Your task
Each entry here needs to be given again exactly.
-- Records shown follows --
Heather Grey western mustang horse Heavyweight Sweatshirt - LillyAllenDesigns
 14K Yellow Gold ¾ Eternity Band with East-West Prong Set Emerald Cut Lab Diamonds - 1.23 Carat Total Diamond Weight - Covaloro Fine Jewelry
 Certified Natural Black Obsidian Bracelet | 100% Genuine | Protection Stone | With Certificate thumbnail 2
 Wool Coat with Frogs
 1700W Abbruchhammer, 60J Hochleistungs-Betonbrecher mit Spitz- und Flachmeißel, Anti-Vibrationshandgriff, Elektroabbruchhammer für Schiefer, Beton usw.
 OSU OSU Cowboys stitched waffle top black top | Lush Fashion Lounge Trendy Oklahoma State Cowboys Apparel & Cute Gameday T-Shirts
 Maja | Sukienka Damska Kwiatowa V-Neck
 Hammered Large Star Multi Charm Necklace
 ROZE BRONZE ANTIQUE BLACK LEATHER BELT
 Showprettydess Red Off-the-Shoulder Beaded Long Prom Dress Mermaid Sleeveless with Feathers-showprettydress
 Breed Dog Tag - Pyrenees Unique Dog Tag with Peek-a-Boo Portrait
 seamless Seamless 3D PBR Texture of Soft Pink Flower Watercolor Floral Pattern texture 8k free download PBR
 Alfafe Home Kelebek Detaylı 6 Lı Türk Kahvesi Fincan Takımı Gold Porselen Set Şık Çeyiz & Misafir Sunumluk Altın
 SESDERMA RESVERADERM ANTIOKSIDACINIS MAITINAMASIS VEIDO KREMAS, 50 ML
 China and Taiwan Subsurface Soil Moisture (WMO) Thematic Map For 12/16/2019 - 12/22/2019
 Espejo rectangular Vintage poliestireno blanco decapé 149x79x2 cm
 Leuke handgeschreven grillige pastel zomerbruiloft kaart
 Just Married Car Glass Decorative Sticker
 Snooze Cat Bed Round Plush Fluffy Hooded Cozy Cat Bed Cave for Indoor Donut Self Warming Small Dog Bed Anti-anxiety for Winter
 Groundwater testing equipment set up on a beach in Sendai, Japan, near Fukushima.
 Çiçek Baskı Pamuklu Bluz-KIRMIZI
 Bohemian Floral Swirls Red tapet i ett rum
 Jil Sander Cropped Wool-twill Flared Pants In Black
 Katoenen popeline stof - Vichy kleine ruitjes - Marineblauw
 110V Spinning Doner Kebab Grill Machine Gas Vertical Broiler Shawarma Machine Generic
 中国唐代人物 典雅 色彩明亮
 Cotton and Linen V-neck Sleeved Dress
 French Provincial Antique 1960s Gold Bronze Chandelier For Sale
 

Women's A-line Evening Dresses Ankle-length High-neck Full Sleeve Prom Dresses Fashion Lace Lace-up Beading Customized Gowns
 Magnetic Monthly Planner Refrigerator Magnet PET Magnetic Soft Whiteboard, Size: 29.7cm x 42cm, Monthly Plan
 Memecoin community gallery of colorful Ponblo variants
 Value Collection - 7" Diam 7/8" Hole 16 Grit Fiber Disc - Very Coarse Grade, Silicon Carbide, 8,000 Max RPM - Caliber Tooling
-- Records shown concluded --
Solution for this problem
Heather Grey western mustang horse Heavyweight Sweatshirt - LillyAllenDesigns
 14K Yellow Gold ¾ Eternity Band with East-West Prong Set Emerald Cut Lab Diamonds - 1.23 Carat Total Diamond Weight - Covaloro Fine Jewelry
 Certified Natural Black Obsidian Bracelet | 100% Genuine | Protection Stone | With Certificate thumbnail 2
 Wool Coat with Frogs
 1700W Abbruchhammer, 60J Hochleistungs-Betonbrecher mit Spitz- und Flachmeißel, Anti-Vibrationshandgriff, Elektroabbruchhammer für Schiefer, Beton usw.
 OSU OSU Cowboys stitched waffle top black top | Lush Fashion Lounge Trendy Oklahoma State Cowboys Apparel & Cute Gameday T-Shirts
 Maja | Sukienka Damska Kwiatowa V-Neck
 Hammered Large Star Multi Charm Necklace
 ROZE BRONZE ANTIQUE BLACK LEATHER BELT
 Showprettydess Red Off-the-Shoulder Beaded Long Prom Dress Mermaid Sleeveless with Feathers-showprettydress
 Breed Dog Tag - Pyrenees Unique Dog Tag with Peek-a-Boo Portrait
 seamless Seamless 3D PBR Texture of Soft Pink Flower Watercolor Floral Pattern texture 8k free download PBR
 Alfafe Home Kelebek Detaylı 6 Lı Türk Kahvesi Fincan Takımı Gold Porselen Set Şık Çeyiz & Misafir Sunumluk Altın
 SESDERMA RESVERADERM ANTIOKSIDACINIS MAITINAMASIS VEIDO KREMAS, 50 ML
 China and Taiwan Subsurface Soil Moisture (WMO) Thematic Map For 12/16/2019 - 12/22/2019
 Espejo rectangular Vintage poliestireno blanco decapé 149x79x2 cm
 Leuke handgeschreven grillige pastel zomerbruiloft kaart
 Just Married Car Glass Decorative Sticker
 Snooze Cat Bed Round Plush Fluffy Hooded Cozy Cat Bed Cave for Indoor Donut Self Warming Small Dog Bed Anti-anxiety for Winter
 Groundwater testing equipment set up on a beach in Sendai, Japan, near Fukushima.
 Çiçek Baskı Pamuklu Bluz-KIRMIZI
 Bohemian Floral Swirls Red tapet i ett rum
 Jil Sander Cropped Wool-twill Flared Pants In Black
 Katoenen popeline stof - Vichy kleine ruitjes - Marineblauw
 110V Spinning Doner Kebab Grill Machine Gas Vertical Broiler Shawarma Machine Generic
 中国唐代人物 典雅 色彩明亮
 Cotton and Linen V-neck Sleeved Dress
 French Provincial Antique 1960s Gold Bronze Chandelier For Sale
 

Women's A-line Evening Dresses Ankle-length High-neck Full Sleeve Prom Dresses Fashion Lace Lace-up Beading Customized Gowns
 Magnetic Monthly Planner Refrigerator Magnet PET Magnetic Soft Whiteboard, Size: 29.7cm x 42cm, Monthly Plan
 Memecoin community gallery of colorful Ponblo variants
 Value Collection - 7" Diam 7/8" Hole 16 Grit Fiber Disc - Very Coarse Grade, Silicon Carbide, 8,000 Max RPM - Caliber Tooling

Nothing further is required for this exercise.